ALICER (the Area for Design and Architecture of the Instituto de Tecnología Cerámica), in close collaboration with the Spanish Ceramic Tile Manufacturers’ Association (ASCER), the Spanish Association of Bathroom Furnishings Manufacturers (ASEBAN), and the CEVISAMA organization, noted the need to open a period of reflection in order to bring about a transformation and redefinition of certain Trans/Hitos approaches. The new 2008 exhibit of Trans/Hitos experienced a metamorphosis that kept up with current approaches to the use of ceramic tile.
Thanks also to the equally renewed impulse of the Department of Industry, Trade, and Innovation of the Regional Government of Valencia through the Institute of Small and Medium-sized Industry (IMPIVA), which has provided the means to undertake this action, and the support of DDI (State Society for the Development of Industrial Design), we are inaugurating Trans/Hitos with a change of name.
Now called the “Exposition of Architecture and Interior Design in Ceramics” with the theme “Nomads,” this re-creates a series of micro-habitats based on criteria of adaptability, sustainability, mutual support, interaction, as well as practices associated with different groups of people’s methods of survival under extreme conditions.
Trans/Hitos 2008 “Nomads” premiere allowed viewers to interact with ceramics and experience different uses from familiar material.
NOMADSThe Trans/Hitos Exposition has undergone important changes, which are reflected in its new image: how ceramic tile interacts with the environment, inhabiting ephemeral spaces that do not impact the territory.
The new image (set to run from 2008-2010), aims to provide guidance on the technical and aesthetic possibilities of the Spanish ceramic industry.
The Cevisama exhibit allows us symbolically to showcase the essence of a way life: nomadism. In order to identify and associate with the dwellings of nomad peoples, the multidisciplinary team of ALICER has used a special type of roofing for all the space that holds the different areas of the exhibition, roofing that represents and re-creates a great North African tent.
The characteristics of the entire space are largely determined by the singularities of the roofing: a great network made up of planes with a large surface area in a trapezoidal shape, formed in turn by grids of very small-sized squares. These large planes that form the roof have a very rigid constitution and are tensioned at their four corners.
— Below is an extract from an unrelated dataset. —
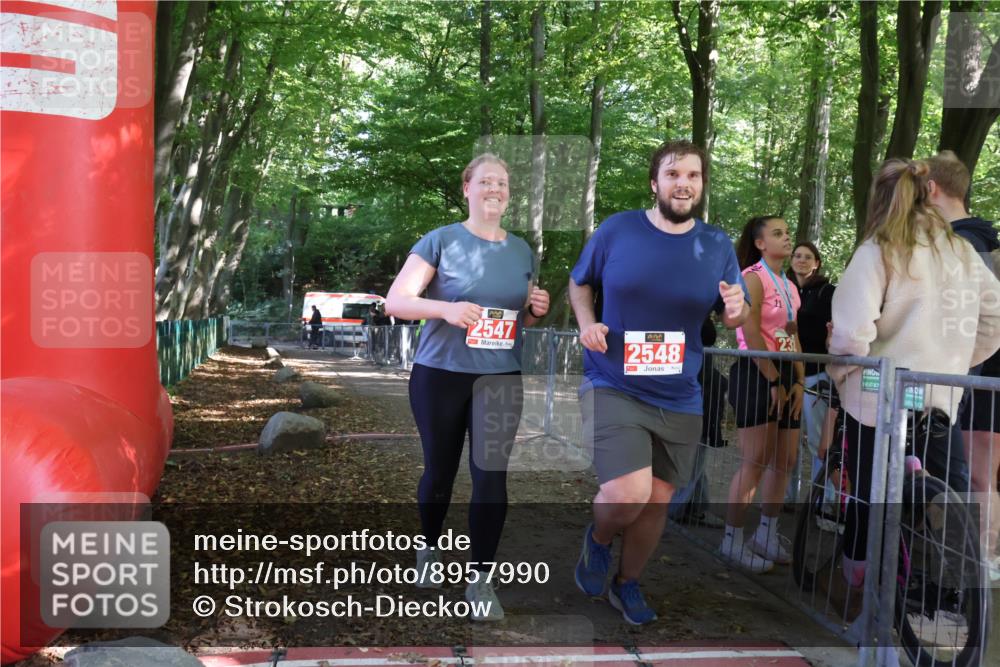 28.09.2025 - 33. Volkslauf durch das schöne Alstertal Strokosch-Dieckow http://msf.ph/oto/8957990 28.09.2025 13:06:12 Ziel  meine-sportfotos.de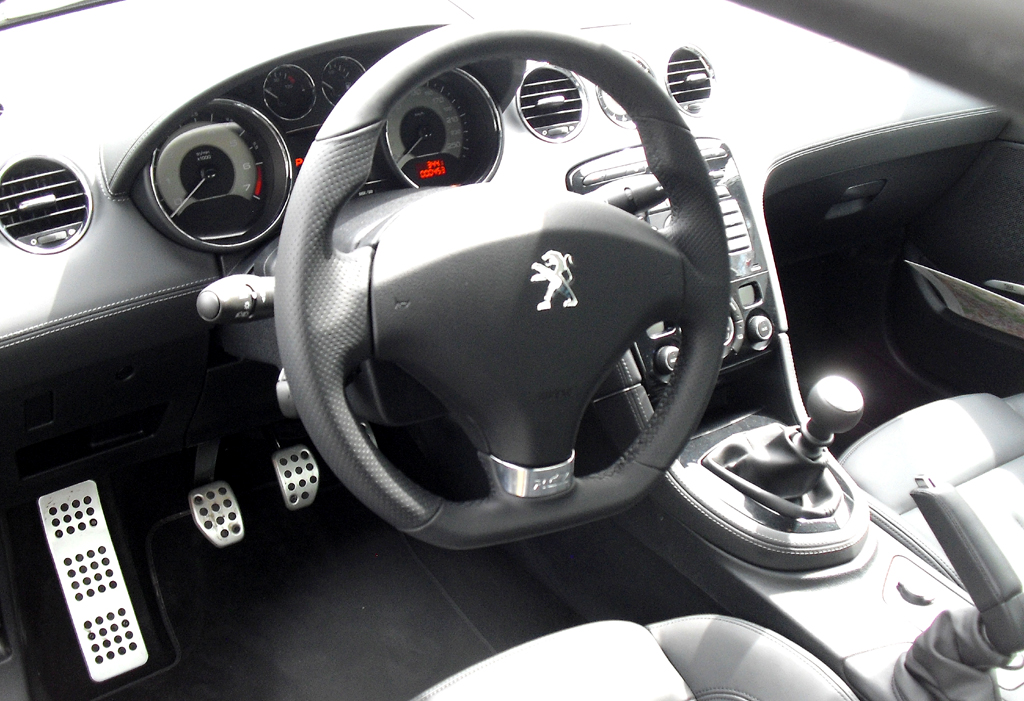 Peugeot RCZ: Blick ins sportlich-funktionelle Cockpit.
They are secured by fastening to the columns of the premises at different heights and angles.
Seven spaces that make up the exposition reflect the current interpretation of Nomads by the multidisciplinary team of ALICER and the architects’ studios Roldán+Berengué and Paredes Pedrosa.’
Exposition Areas & AwardsThe First Habitat Area evoked the direct relation that integrates man in an independent ecosystem, represented by a canyon filled with caverns. One of the canyons shows the projects that have received the Sixth Tile of Spain Awards in Architecture and Interior design, organized by ASCER.
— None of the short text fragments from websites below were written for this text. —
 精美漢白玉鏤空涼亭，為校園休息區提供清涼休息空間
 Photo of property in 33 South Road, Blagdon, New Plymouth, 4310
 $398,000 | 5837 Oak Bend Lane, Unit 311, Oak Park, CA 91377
First Prize-Architecture Category: “Color Revolution” by José Durán Fernández, a project that features the makeover of San Vicente street in Burriana (Castellón), in which the use of ceramics with their gloss and colors plays a leading role, contributing to a new urban identity of the road.
First Prize-Interior Design Category: “Municipal Health Centre of San Blas (Madrid)” by Estudio Entresitio, with María Hurtado de Mendoza Wahrolén, César Jiménez de Tejada Benavides and José María Hurtado de Mendoza Wahrolén, for its coherence in the use of the materials in interior and exterior, including ceramics as a mirror to reflect the light through patios and skylights.
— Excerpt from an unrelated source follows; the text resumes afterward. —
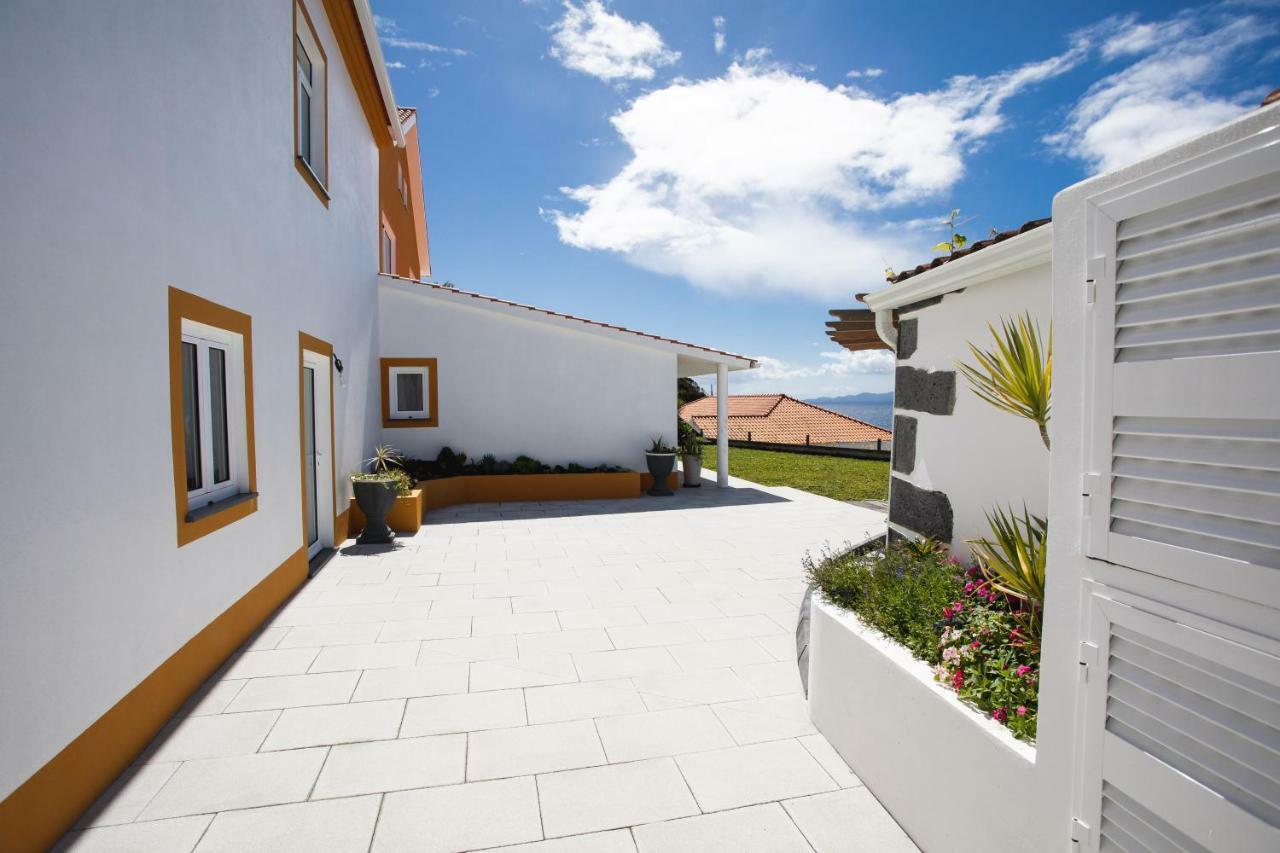 Alojamento de Turismo Rural Casa D'avó Guesthouse&apartment Urzelina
First Prize-Degree Final Project Award: “C_DAC (Documentation Centre for Contemporary Architecture),” by Sergio Bruns Banegas, a type of urban implementation, particularly noted to determine the general strategy of the project, in which ceramics were used coherently, with capacity for invention and risk.
Honorable Mention-Degree Final Project Award: “Law Court Building in Palencia,” by Isabel García Vázquez, regarding which the jury noted that it was “a disquieting group of boxes, where the quality of ceramics and light guide the viewer through the labyrinth.”